Save.

131 17 66
                                    


Yazardan:

Gergince etrafına bakınıyordu genç adam. Kırmızı Ferrari'sinin olduğu yerde tam bir gün önce sevgilisinin turuncu McLaren'ı duruyordu. Tek fark, Lando burada değildi. Bunu düşündükçe içindeki sinir dağ gibi büyüyordu.

Arabasının kapısını açtı ve sanki hayatında hiçbir şey olmuyormuş gibi normal zengin bir iş adamı edasıyla indi aşağı. Kapısını nazikçe kapattı ve dün Lando'nun izlediği adımları atarak pastaneden içeri girdi. Arkasından da Dominic onu takip ediyordu.

"Hazel'in pastanesine hoşgeldiniz! Size nasıl yardımcı olabilirim?" Kadifemsi sesiyle gülümseyerek onu karşılayan kadına tepki vermeden baktı.

Normalde tatlı şeyleri çok sever, şu anki duyduğu koku normal bir gününün içinde olsa kesinlikle ayılıp bayılırdı. Ama bugün, bu pastaneye tatlı almaya gelmemişti.

Kadından çektiği gözlerini yandaki Dominic'e çevirdi konuşması için. Dominic isteğini hemen anlamış, onlara bir şeyler satmak için heveslenmiş olan kadına dönmüştü.

"Aslında buraya gelme amacımız farklı hanımefendi. Dün pastaneye böyle bir genç geldi mi acaba?" Dominic sert ama yabancıya karşı kullandığı kibar tonuyla nazik görünmeye çalışırken Carlos telefonunun ana ekranındaki sevgilisini gösterdi kadına.

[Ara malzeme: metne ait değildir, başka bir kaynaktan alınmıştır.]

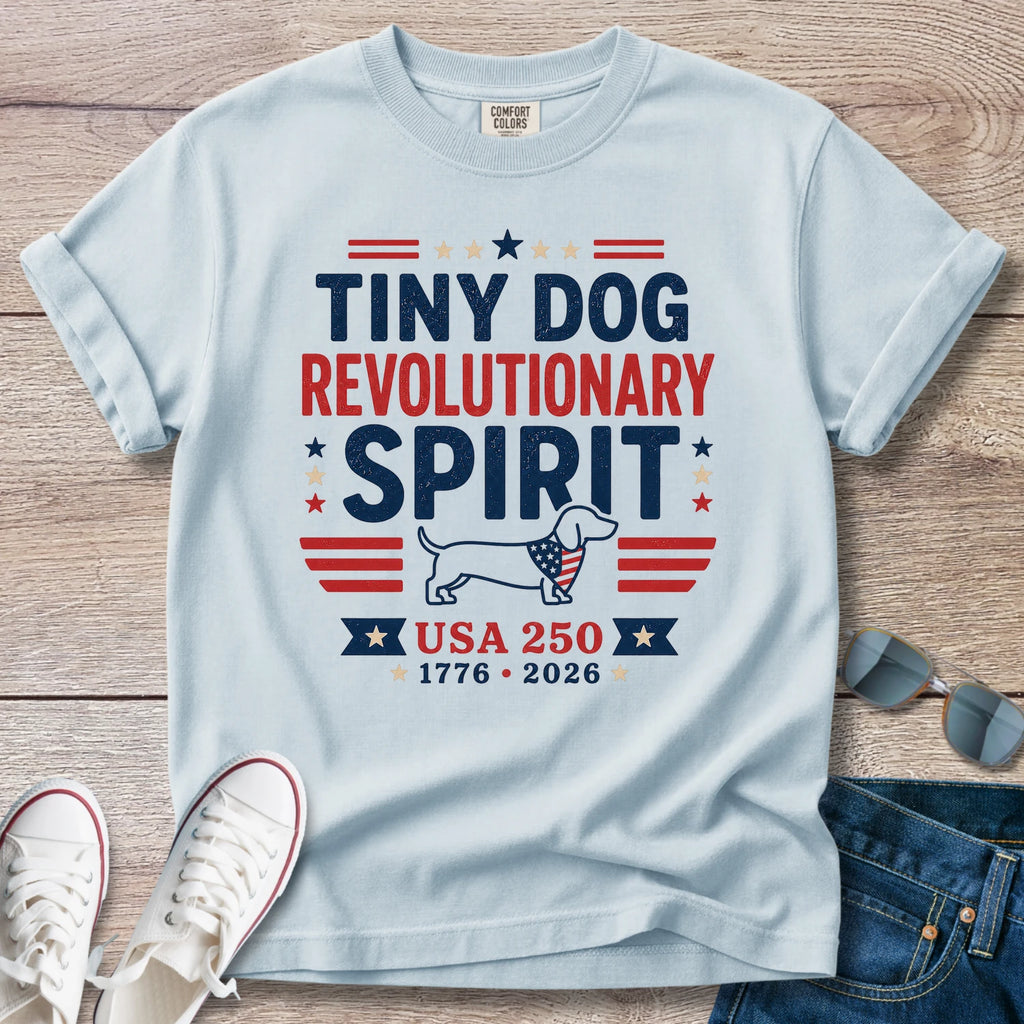 Tiny Dog Revolutionary Spirit - Dachshund T-shirt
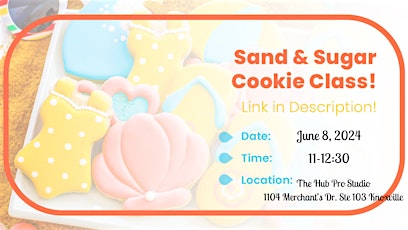 June - Sand and Sugar Sugar Cookie Decorating Class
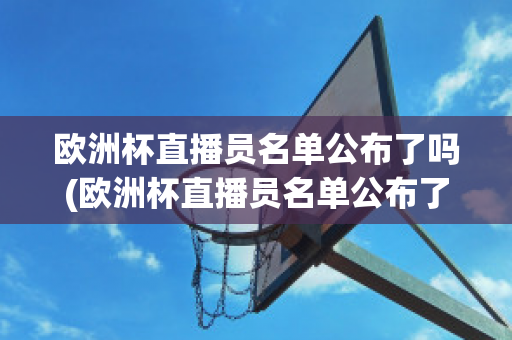 欧洲杯直播员名单公布了吗(欧洲杯直播员名单公布了吗现在)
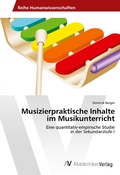 Cover: Musizierpraktische Inhalte im Musikunterricht - AV Akademikerverlag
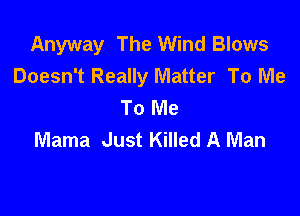 Anyway The Wind Blows
Doesn't Really Matter To Me
To Me

Mama Just Killed A Man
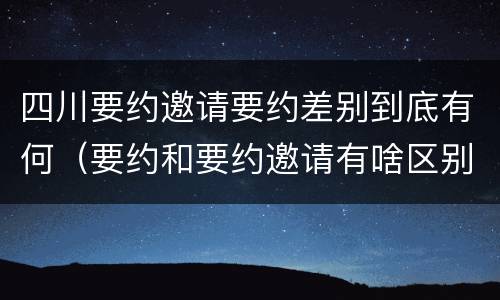 四川要约邀请要约差别到底有何（要约和要约邀请有啥区别）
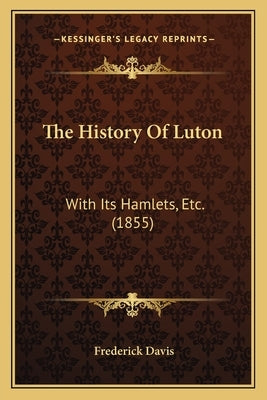 The History Of Luton: With Its Hamlets, Etc. (1855) by Davis, Frederick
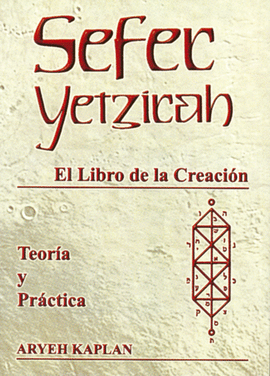 SEFER YETZIRAH EL LIBRO DE LA CREACION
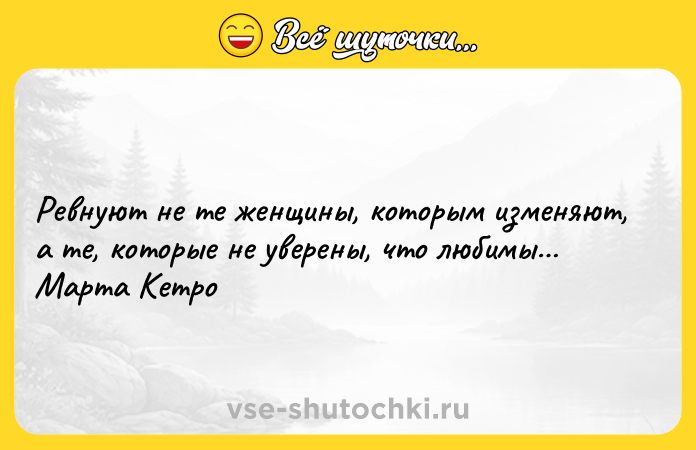 Цитата: Ревнуют не те женщины, которым изменяют, а те, которые не уверены, что любимы Марта Кетро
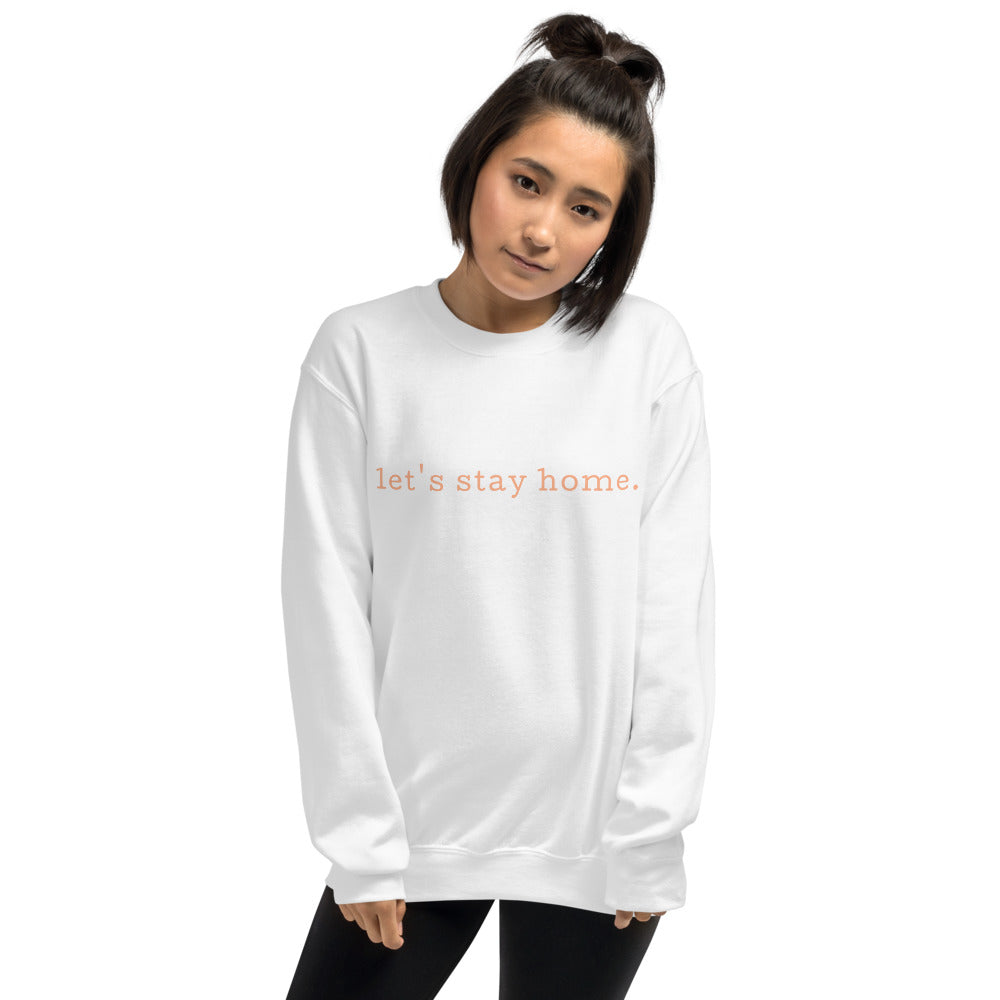 Let's Stay Home Sweatshirt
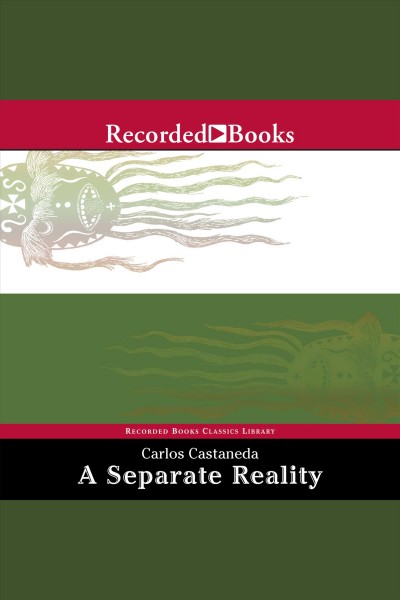 A separate reality [electronic resource] : further conversations with Don Juan / Carlos Castaneda.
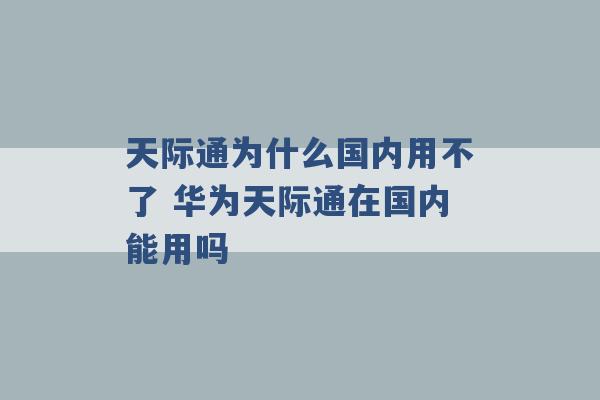 天际通为什么国内用不了 华为天际通在国内能用吗 -第1张图片-电信联通移动号卡网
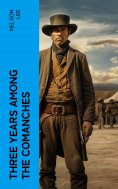 eBook: Three Years Among the Comanches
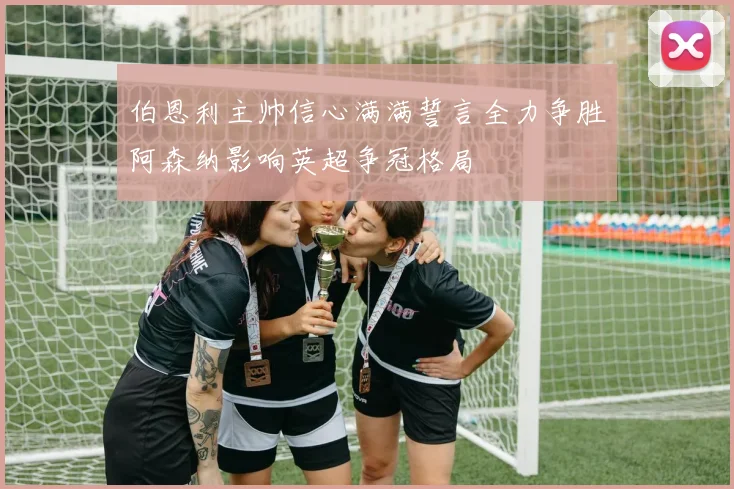 伯恩利主帅信心满满誓言全力争胜阿森纳影响英超争冠格局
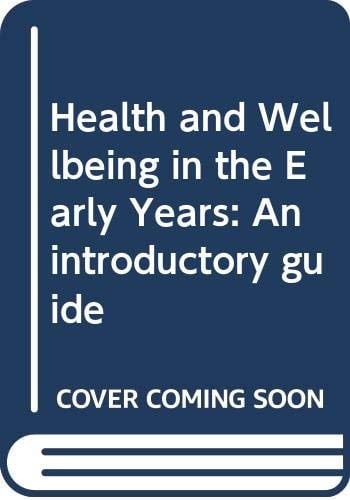 Health and Wellbeing in the Early Years An Introductory Guide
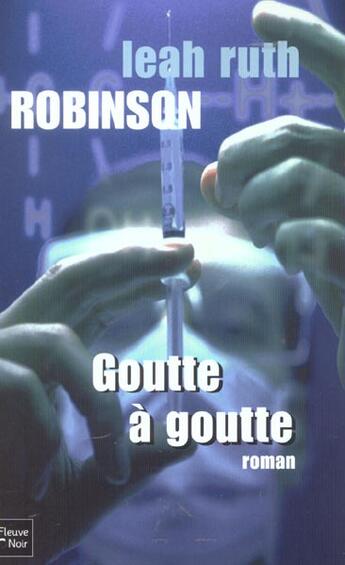 Couverture du livre « Goutte a goutte » de Leath-Ruth Robinson aux éditions Fleuve Editions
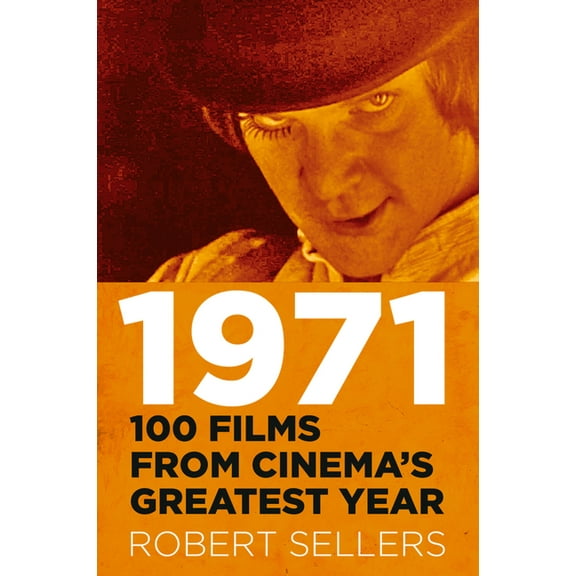 1971: 100 Films from Cinema's Greatest Year, (Hardcover)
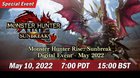 Monster Hunter Rise: Sunbreak Digital Event - May 10 - 7 AM PDT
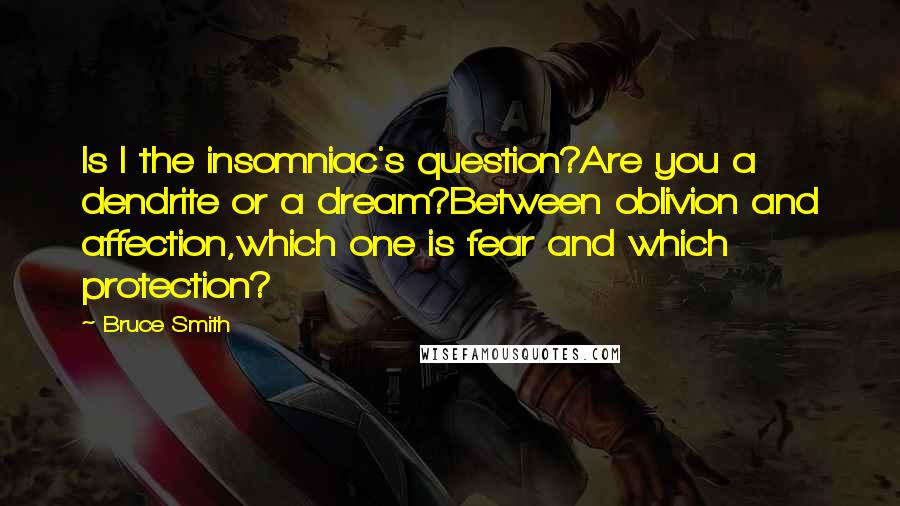 Bruce Smith Quotes: Is I the insomniac's question?Are you a dendrite or a dream?Between oblivion and affection,which one is fear and which protection?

Kadının gülümseyen yeşilleri anında gerginlikle açılırken yutkundu, fotoğrafı görmek için eğildiği tezgahtan hızla geri çekildi. Kaybettiği gülümsemesini geri kazanmaya çalıştı ama bu sefer fazla yapmacık durdu yüzünde.

"Hayır. Hayır görmedim."

İki adam birbirine baktı: Carlos'un kahveleri bu saçmalığa dayanamayacağını belli edercesine sinirden köpürüyor, Dominic'in mavileri ise kendine güveninden dolayı sakin duruyordu. Dominic gözlerini Carlos'tan çekti ve kendilerini göndermek için bir saniye bile beklemeyecek kadına döndü.

"Hanımefendi isterseniz birbirimizi kandırmayalım. Çünkü en son sizin pastanenizde görüldü ve bir daha da haber alamadık."

"Israr etmeyin. Eğer görseydim söylerdim."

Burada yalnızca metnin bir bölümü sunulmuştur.